• WHAT THIS TASK INVOLVES: Reproduce the entries word for word but drop every picture.

(Image-caption web data)
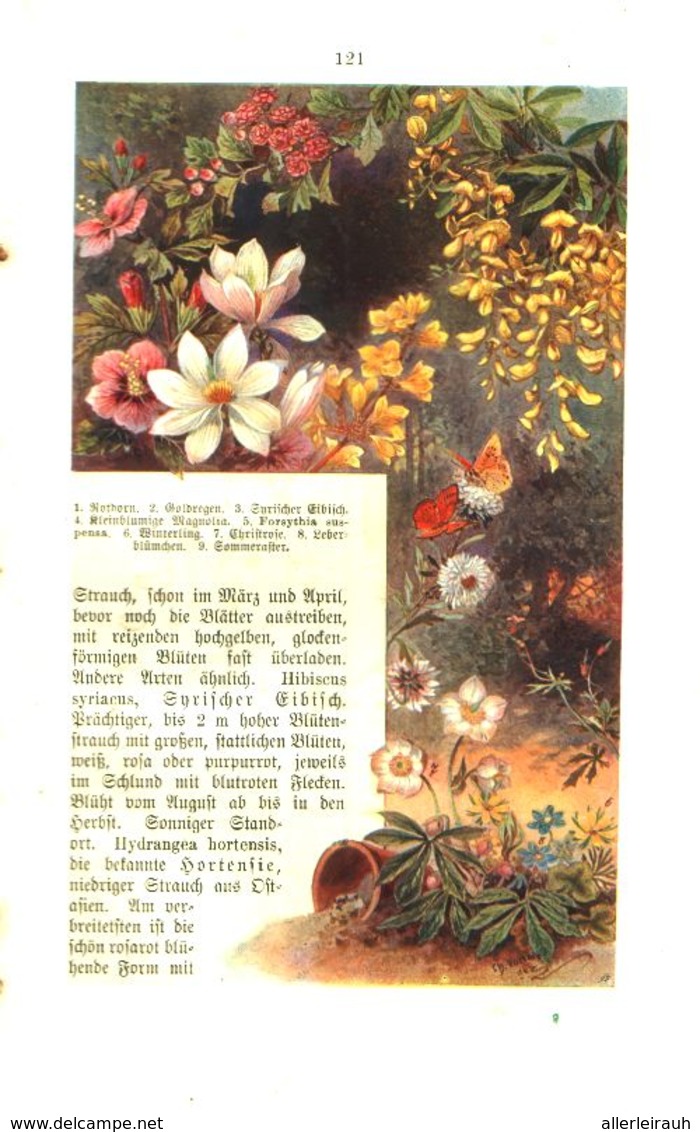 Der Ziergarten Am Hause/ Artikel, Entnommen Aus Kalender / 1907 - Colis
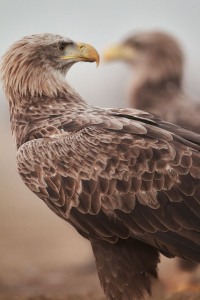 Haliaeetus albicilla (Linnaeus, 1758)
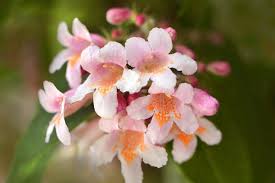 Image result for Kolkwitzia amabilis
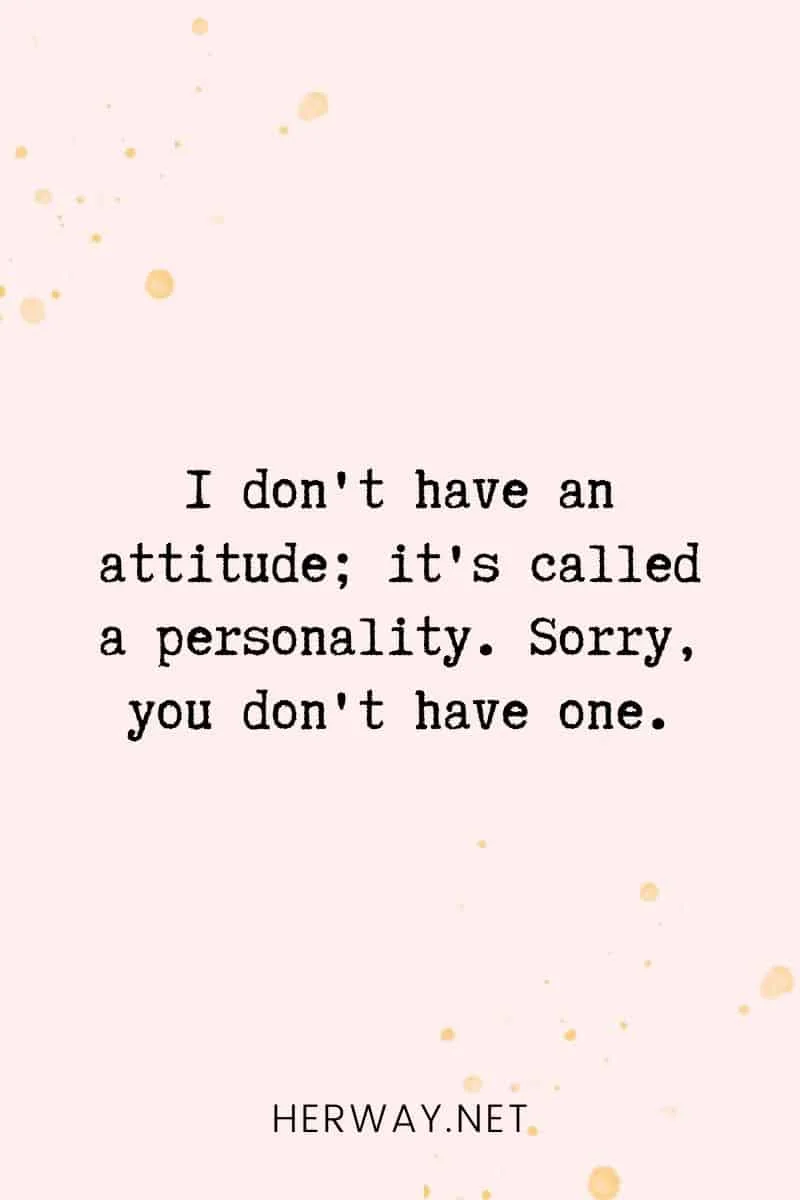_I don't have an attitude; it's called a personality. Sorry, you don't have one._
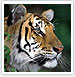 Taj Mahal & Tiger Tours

• EXERCISE SOLUTION:
 Der Ziergarten Am Hause/ Artikel, Entnommen Aus Kalender / 1907 - Colis
 Haliaeetus albicilla (Linnaeus, 1758)
 Image result for Kolkwitzia amabilis
_I don't have an attitude; it's called a personality. Sorry, you don't have one._
 Taj Mahal & Tiger Tours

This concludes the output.